The topology of two-dimensional manifolds or surfaces has been well understood since the 19th century. In fact, there is a simple list of all possible smooth compact orientable surfaces. Any such surface has a well-defined genus g ≥ 0, which can be described intuitively as the number of holes; and two such surfaces can be put into a smooth one-to-one correspondence with each other if and only if they have
the same genus.
This means that all such two-dimensional surfaces are classified by a single integer, g. A surface of genus zero is topologically a sphere (an apple), a surface of genus one is a torus (a doughnut) and a surface of genus two is, well a dougnut with two handles (or whatever you want to call it), and so on.
In the case of two dimensions, it is easy to see how the conjecture should be understood: imagine a rubber band stretched around an apple or a doughnut; on the apple, the rubber band can be shrunk without limit, but on the doughnut it is stopped by the hole.
The corresponding question in higher dimensions is much more difficult. The most basic example of such a manifold is the three-dimensional unit sphere, that is, the set of all points (x,y,z,w) in four-dimensional Euclidean space which have distance exactly 1 from the origin: x^2 + y^2 + z^2 + w^2 = 1.
A distinguishing feature of the two-dimensional sphere is that every simple closed curve in the sphere can be deformed continuously to a point without leaving the sphere, or that “you can’t lasso a two-sphere”.
In mathematical terms, the Poincare Conjecture can be phrased as follows: If a compact three-dimensional manifold M has the property that every simple closed curve within the manifold can be deformed continuously to a point, does it follow that M is homeomorphic to the sphere S^3 ?
From the first, the apparently extremely simple nature of this statement has led mathematicians to overdo it. For about 100 years, several mathematicians have tried to prove the conjecture. But they all failed. Well, except from one, it seems.
Grigori Perelman’s proof is based on a study of the geometry of the infinite dimensional space consisting of all Riemannian metrics on a given smooth three-dimensional manifold.
The metric g_ij on a Riemannian manifold determines the length between points according to ds^2 = gij dx^i dx^j. (From the first and second derivatives of this metric tensor, one can compute the Ricci curvature tensor R_ij , and the scalar curvature R; for example, Euclidean flat space has R_ij = R = 0, while a usual three-dimensional sphere of radius r, has Ricci curvature R_ij = 2g_ij /r^2 and scalar curvature R = 6/r^2).
Perelman’s proof is based on the study of the Ricci flow, i.e. the solutions to the differential equation:
dg_ij/dt = −2R_ij ,
where t is like an external time-parameter. In other words, the metric is required to change with time so that distances decrease in directions of positive curvature.

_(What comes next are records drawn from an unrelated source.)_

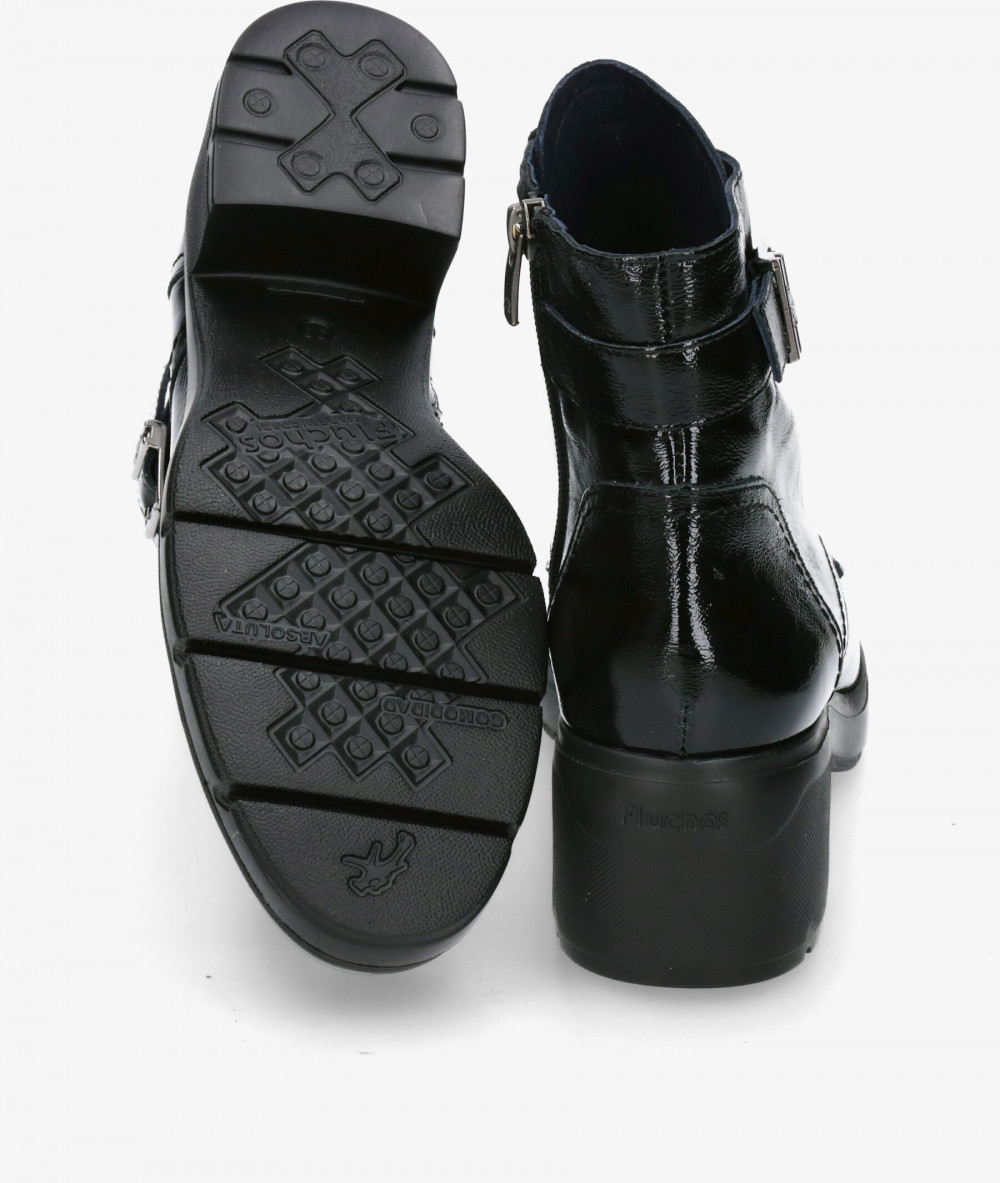 Botines Fluchos  F2107 en charol negro Botines Fluchos  F2107 en charol negro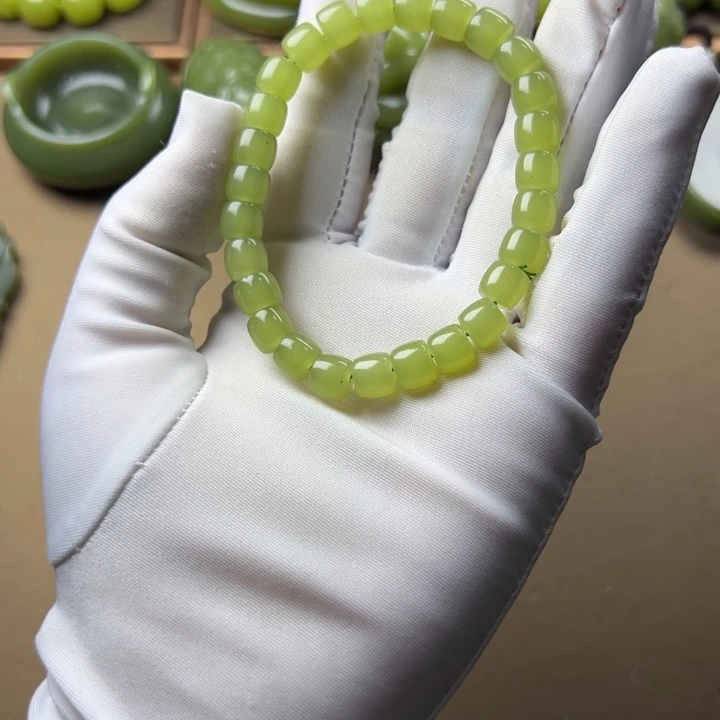 @****岫岩老玉（透闪石质玉）未镶嵌挂件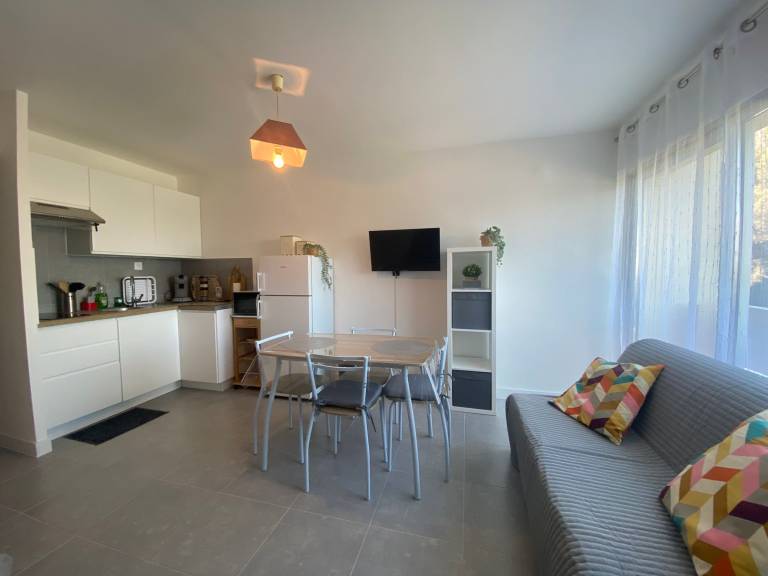 Cozy apartment near the Thermal Baths in Balaruc-les-Bains — photo 2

Perelman’s succeeded in showing that certain generally round objects, like a head, would evolve into spheres under this process; however, the fates of more complicated objects were previously thought to be problematic. As the Ricci flow progressed, kinks and neck pinches – or singularities – could appear, pinch off and even shrink away. Perelman has showed that the singularities were all friendly. They turned into spheres or tubes. Moreover, they did it in a finite time once the Ricci flow started (his papers at arXiv.org).
For his work, Dr. Perelman has just been awarded the Fields Medal (an analog of the Nobel Prize) and as said before, also the Millenium Prize; but Perelman seems to have refused to accept the award (news.google.com). What a coolheaded guy
The other winners of the Fields Medal are, Terence Tao, Wendelin Werner, and Andrei Okounkov.
In the context of string theory, the Ricci flow represent the world-sheet renormalization group (RG) flow; Perelman’s proof might have important implications for understanding space-time singularities.